SubPipe: A Submarine Pipeline Inspection Dataset for Segmentation and Visual-inertial Localization

TL;DR

This paper introduces SubPipe, an underwater dataset for visual-inertial SLAM, segmentation, and side-scan sonar object detection, recorded on an LAUV along a submarine pipeline. It provides multi-sensor data with ground-truth annotations, including RGB segmentation masks and pipeline bounding boxes, plus localization information; the dataset includes SubPipeMini as a smaller subset. The authors benchmark state-of-the-art SLAM, segmentation, and detection methods, revealing the challenges of low-texture underwater imaging and the potential of learning-based methods after domain-specific tuning. They quantify image information using delentropy and motion diversity metrics and show that underwater scenes exhibit lower information content and limited motion diversity compared to above-water datasets. The public release aims to catalyze development of robust underwater computer vision techniques.

Abstract

This paper presents SubPipe, an underwater dataset for SLAM, object detection, and image segmentation. SubPipe has been recorded using a \gls{LAUV}, operated by OceanScan MST, and carrying a sensor suite including two cameras, a side-scan sonar, and an inertial navigation system, among other sensors. The AUV has been deployed in a pipeline inspection environment with a submarine pipe partially covered by sand. The AUV's pose ground truth is estimated from the navigation sensors. The side-scan sonar and RGB images include object detection and segmentation annotations, respectively. State-of-the-art segmentation, object detection, and SLAM methods are benchmarked on SubPipe to demonstrate the dataset's challenges and opportunities for leveraging computer vision algorithms. To the authors' knowledge, this is the first annotated underwater dataset providing a real pipeline inspection scenario. The dataset and experiments are publicly available online at https://github.com/remaro-network/SubPipe-dataset
Paper Structure (8 sections, 1 equation, 9 figures, 5 tables)
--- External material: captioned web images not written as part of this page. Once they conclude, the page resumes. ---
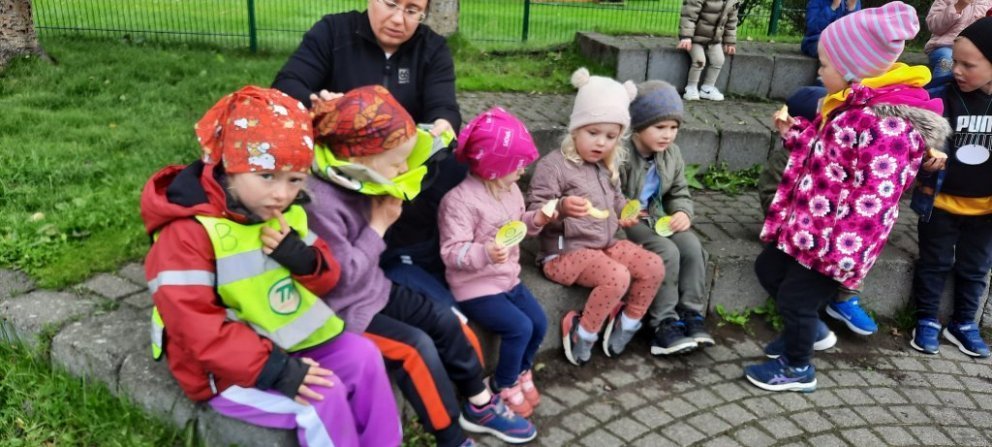 Heilsuskokkið í dag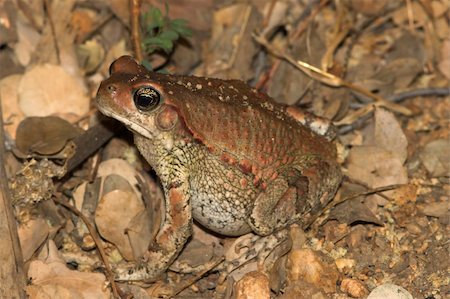 simsearch:400-06077507,k - Brown frog camoflaged among the brown leaves. Stockbilder - Microstock & Abonnement, Bildnummer: 400-04442300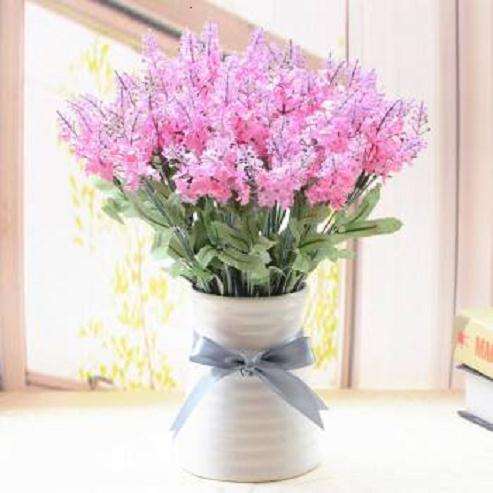 什么基质最适宜盆栽薰衣草 图片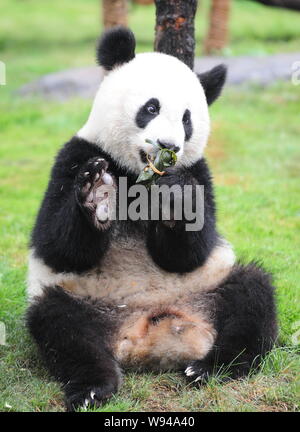 Ein riesiger Panda isst Reis Knödel für die Duanwu Festival in einem Park in Jinan, Provinz Shandong, China, 10. Juni 2013. Stockfoto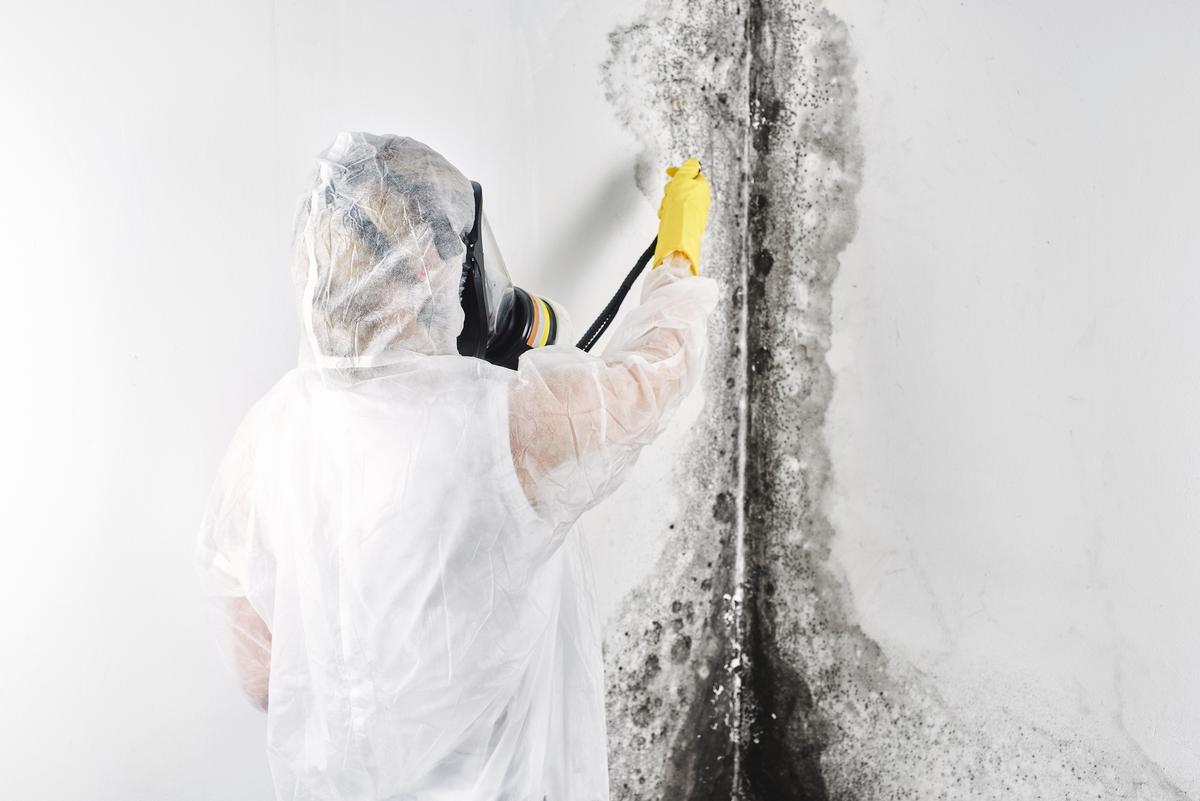 What Should I Do About Mold Removal?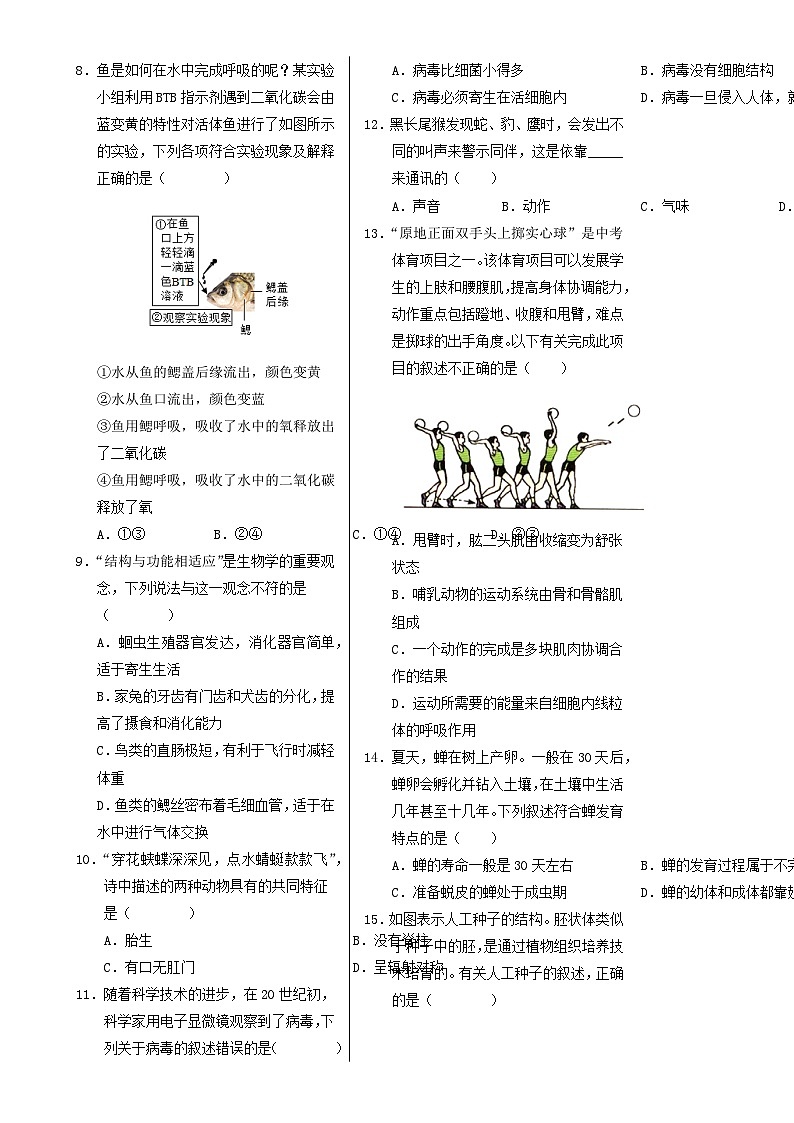 八年级生物期末模拟卷【测试范围：人教版八上+八下前3章】（考试版A3）-A4第2页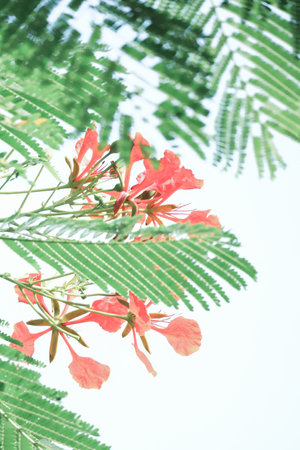 Beauty red flowers green leaves in the gardenの写真素材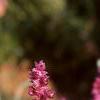 Salvia nemorosa 'Plumosa', flowers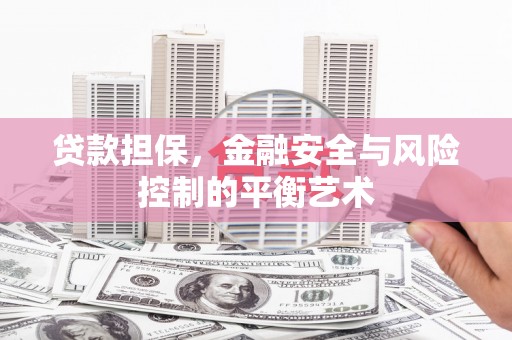 乐都贷款担保，金融安全与风险控制的平衡艺术
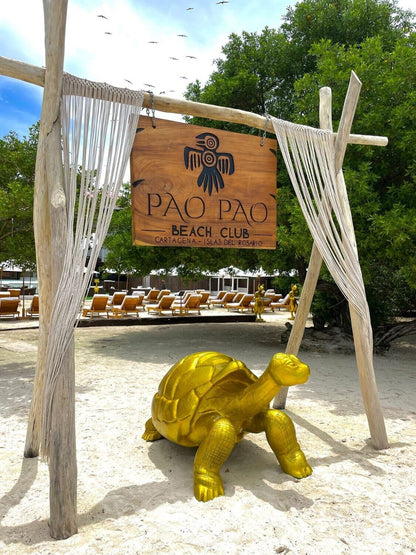 PAO PAO 🌊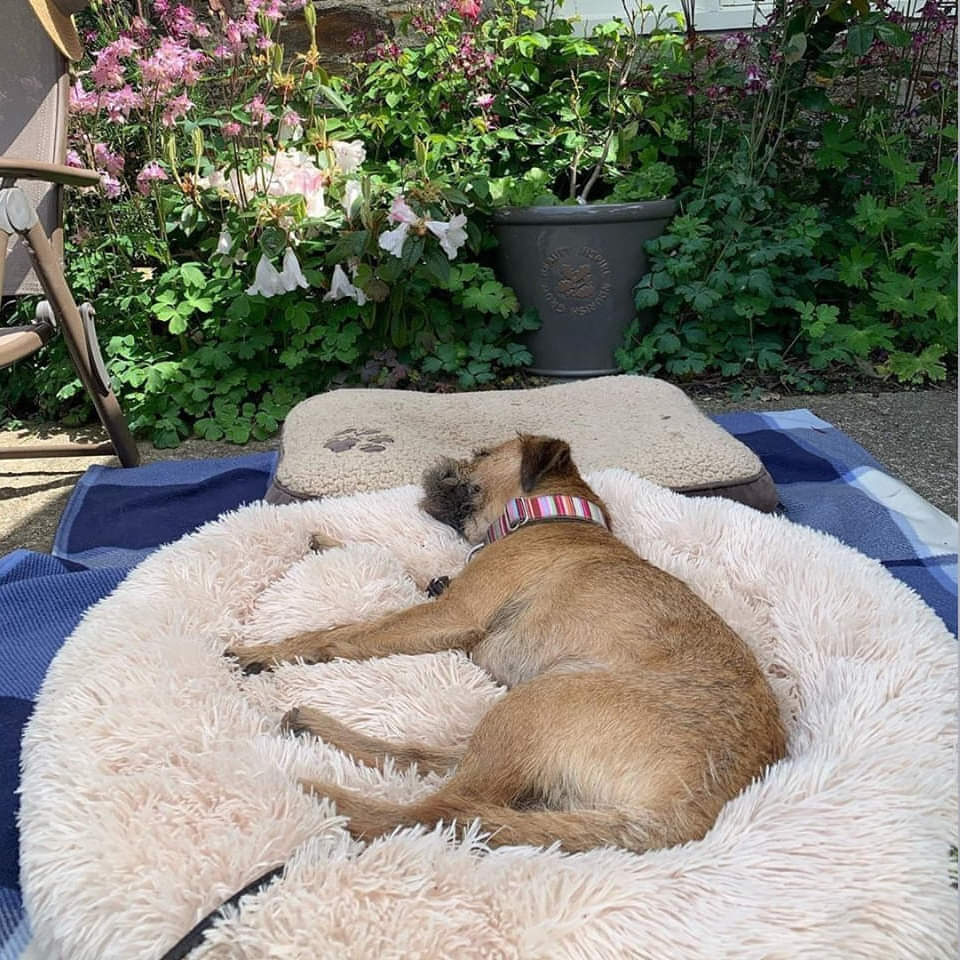 Dog Bed The Original Calming Dog Bed Super Comfy & Anti Anxiety Pet Bed Orthopedic Stress Relief Dog Bed Dog Pillow-gladdween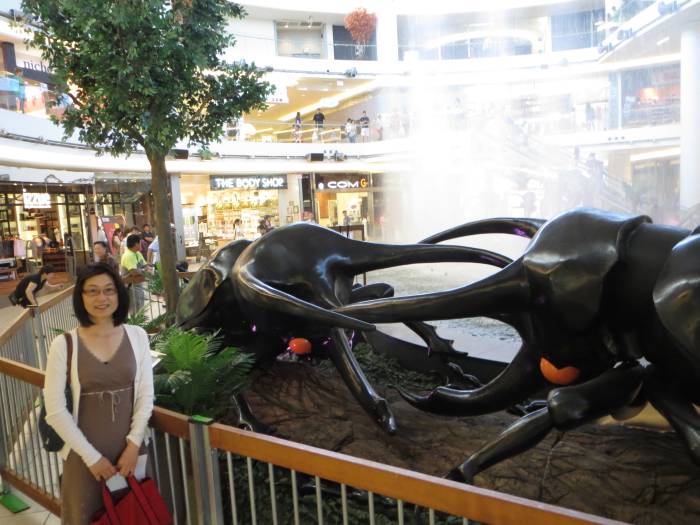 Giant Bugs at Aberdeen Centre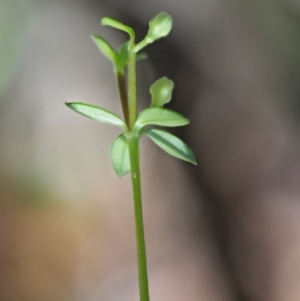 Asperula gunnii at Tennent, ACT - 30 Nov 2017 09:11 AM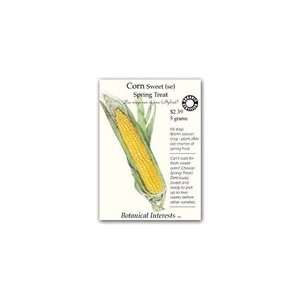  Corn Spring Treat (Yellow)   Botanical Interest Organic Seed 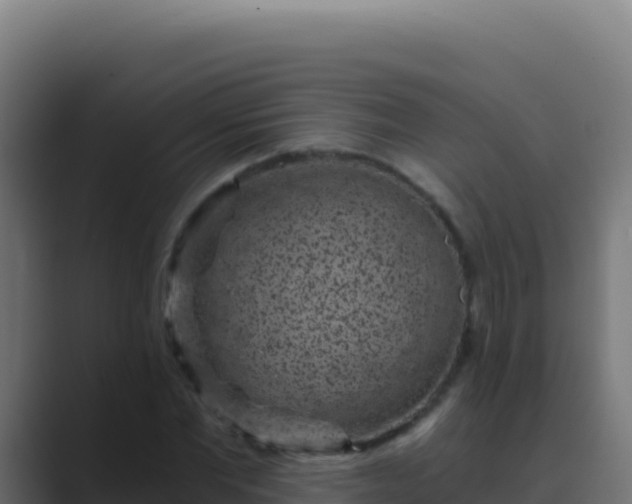X0000089750877200706281624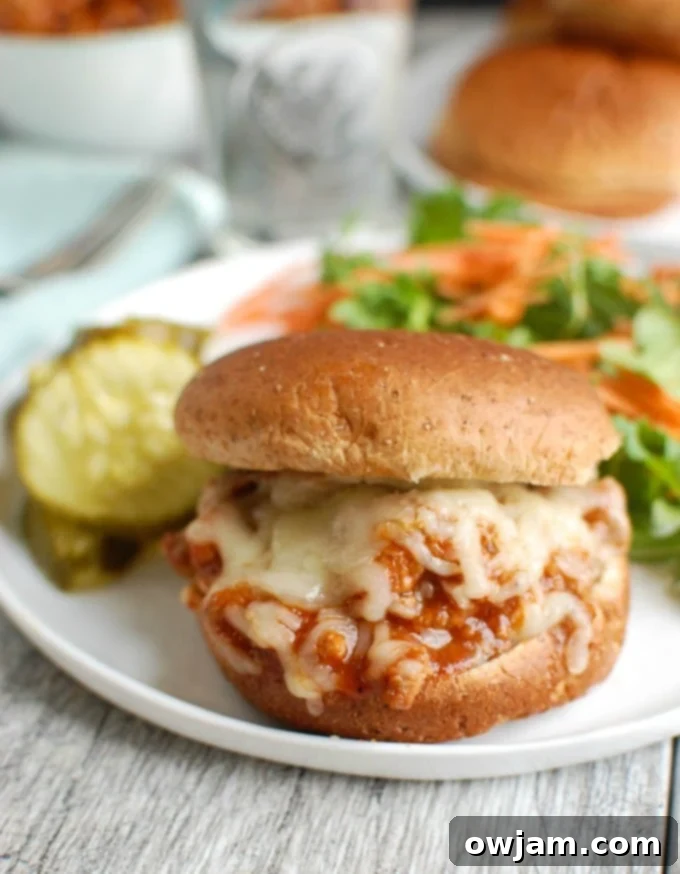 Ultimate Turkey Sloppy Joes 5 Turkey Sloppy Joes on a plate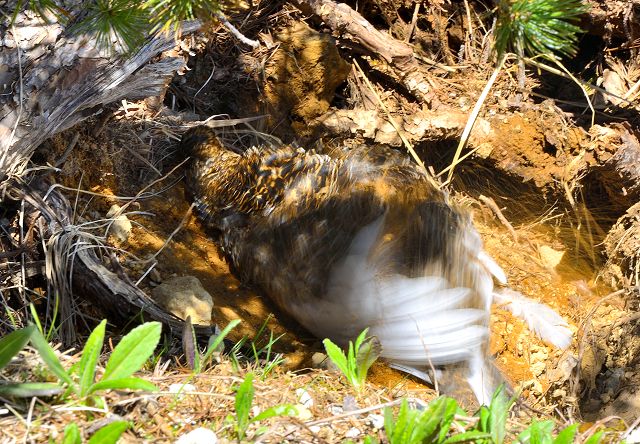 砂浴びするメス雷鳥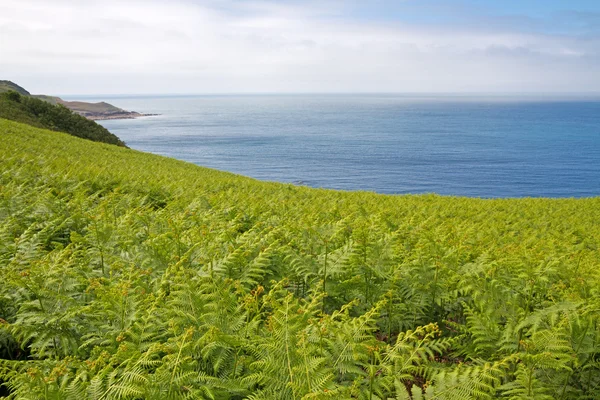 Fern (dryopteris filix-mas) op de noordkust van jersey, Verenigd Koninkrijk — Stockfoto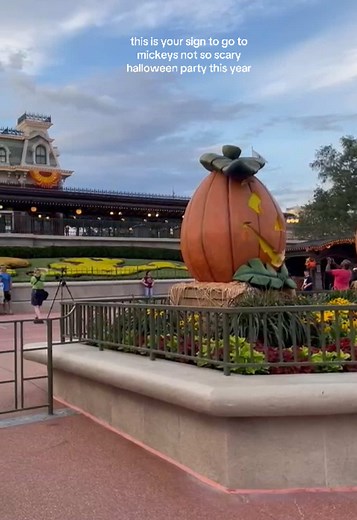 mainstreetmouse on TikTok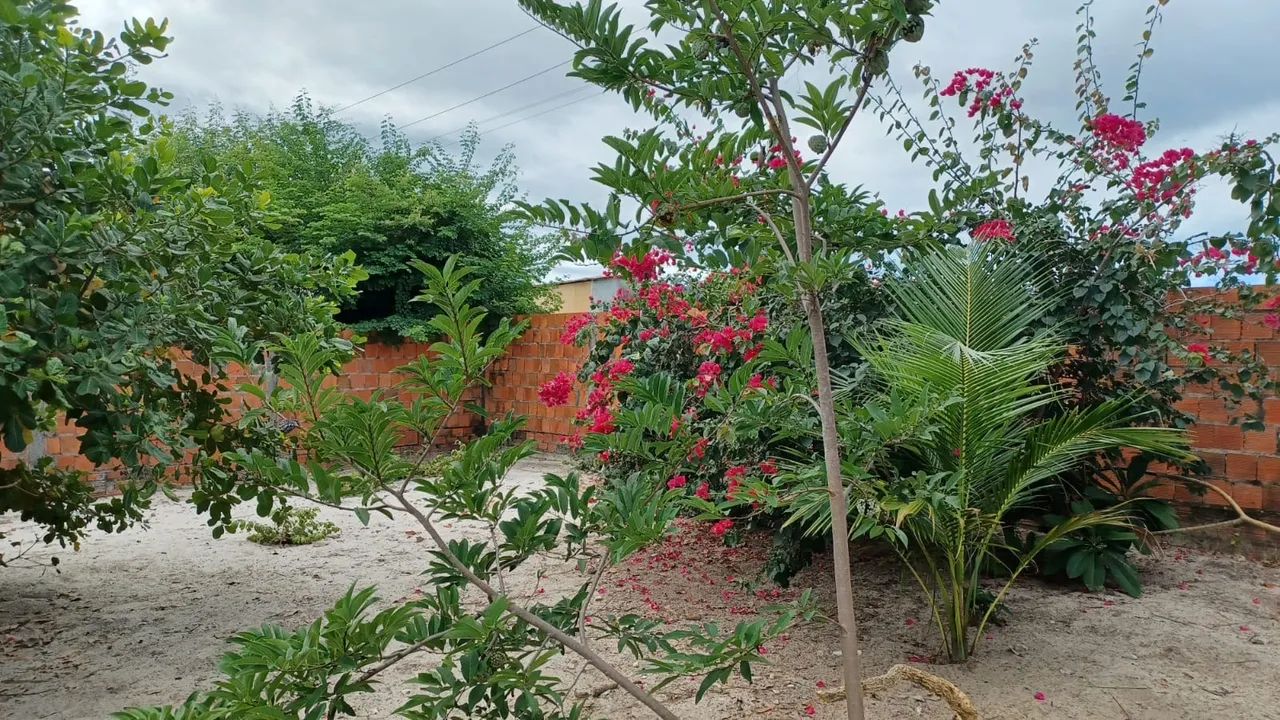 Vendo terreno 35.000,00 pecem - negociável  - Foto 5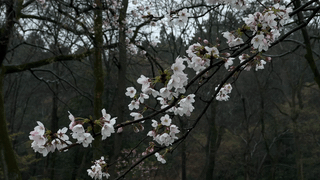 +SAKURA - 雨桜 2 [4K]-00.50.05.469-00.51.34.693-00.00.00.000-00.01.26.632
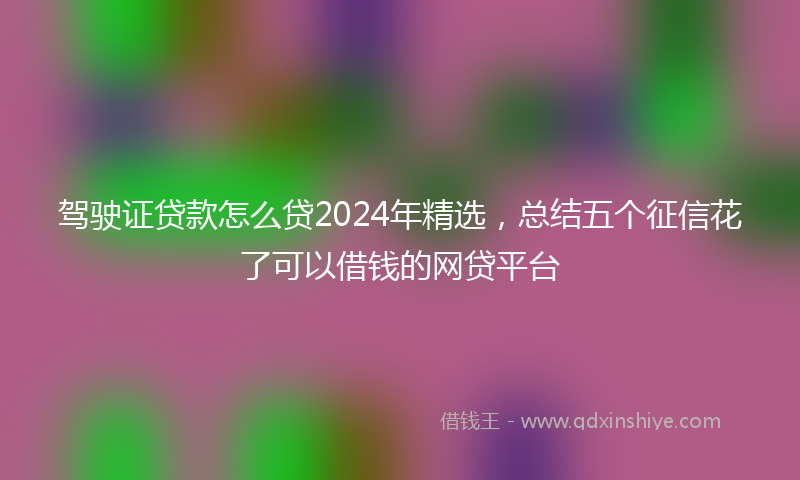 驾驶证贷款怎么贷2024年精选，总结五个征信花了可以借钱的网贷平台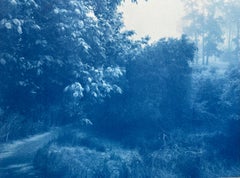 Fog Ridge (framed to 29 x 41 in. hand-printed cyanotype, 23 x 35", ed. 1 of 3 )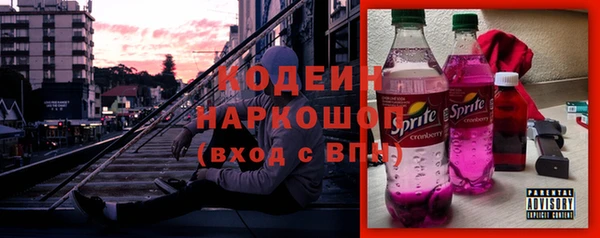 индика Арсеньев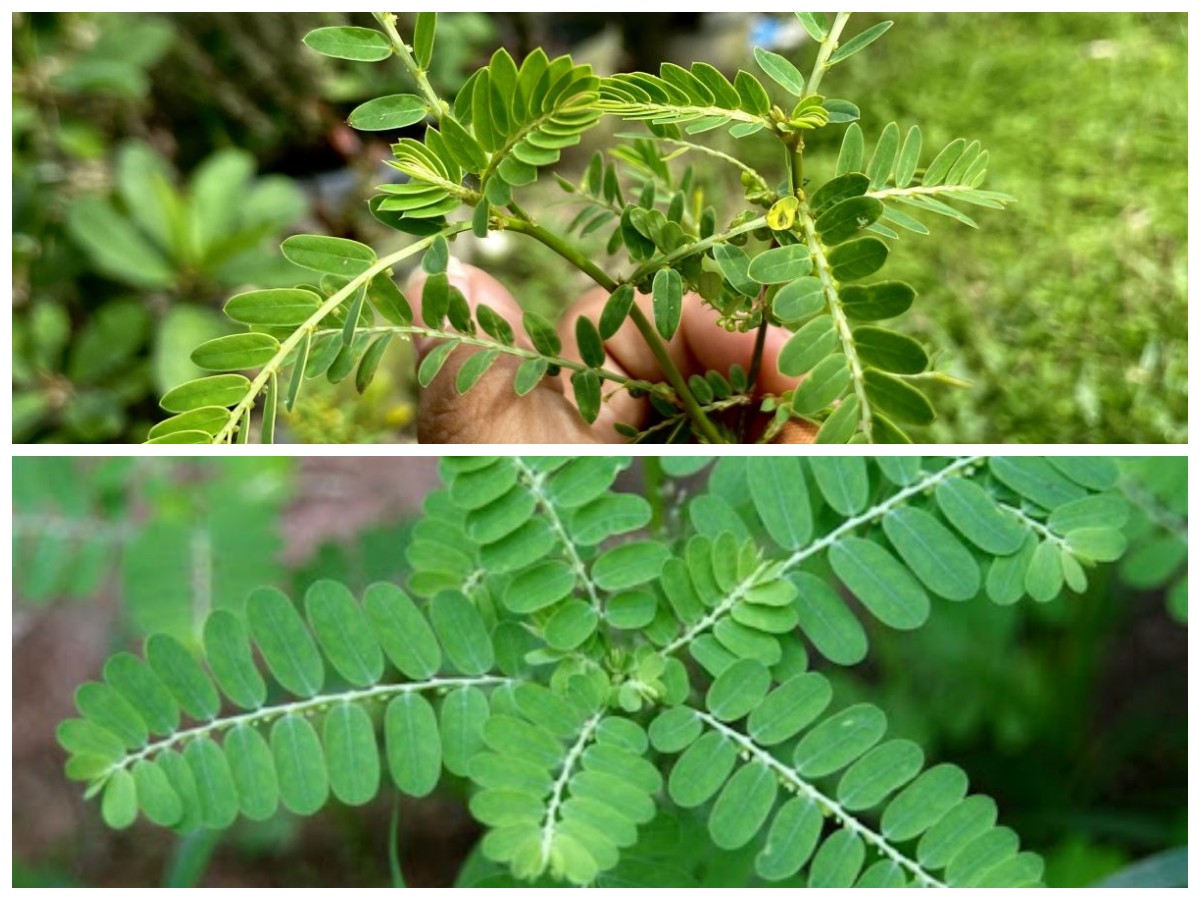 Rahasia Khasiat Daun Meniran: Tanaman Herbal yang Ampuh untuk Berbagai Penyakit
This paper contains 8 sections, 1 equation, 9 figures, 5 tables.

Figures (9)

  • Figure 1: SubPipe has been recorded during a pipeline inspection mission with OceanScan's LAUV. The recorded data includes two monocular cameras (one monochrome camera and one RGB) with pipe segmentation annotations for the latter one; side-scan sonar images with bounding box annotations of the pipeline for object detection; temperature, altitude, and depth measurements; and the robot's pose, velocity, and acceleration.
  • Figure 2: Sample images from SubPipe and other state-of-the-art underwater datasets. A sample segmentation image is also shown for those datasets that include segmentation labels.
  • Figure 3: The 6 degrees of freedom of the LAUV vo:lsts_6dof.
  • Figure 4: Segmentation mask generation process illustrated with two examples. Each row presents a unique example. From left to right: the original raw image, the image after histogram equalization of RGB channels, the original image after converting to grayscale and applying histogram equalization, and the final segmentation mask. The equalization process enhances contrast, aiding in the precise delineation of the pipeline, including the pipe clamp, which is annotated as part of the pipeline.
  • Figure 5: Dataset metrics. The top section presents the distribution of delentropy values across various datasets, accompanied by representative images that yield the minimum and maximum delentropy. On the bottom are the motion diversity metric results. Lower delentropy and motion diversity values indicate a high degree of uniformity in image content and limited motion variety across the six degrees of freedom. This phenomenon is particularly evident in SubPipe, since pipeline inspection missions inherently limit motion and imaging variability. In contrast, datasets such as EuRoC, featuring a drone navigating freely in six degrees of freedom within an indoor environment, exhibit significantly more diversity in both imaging and motion.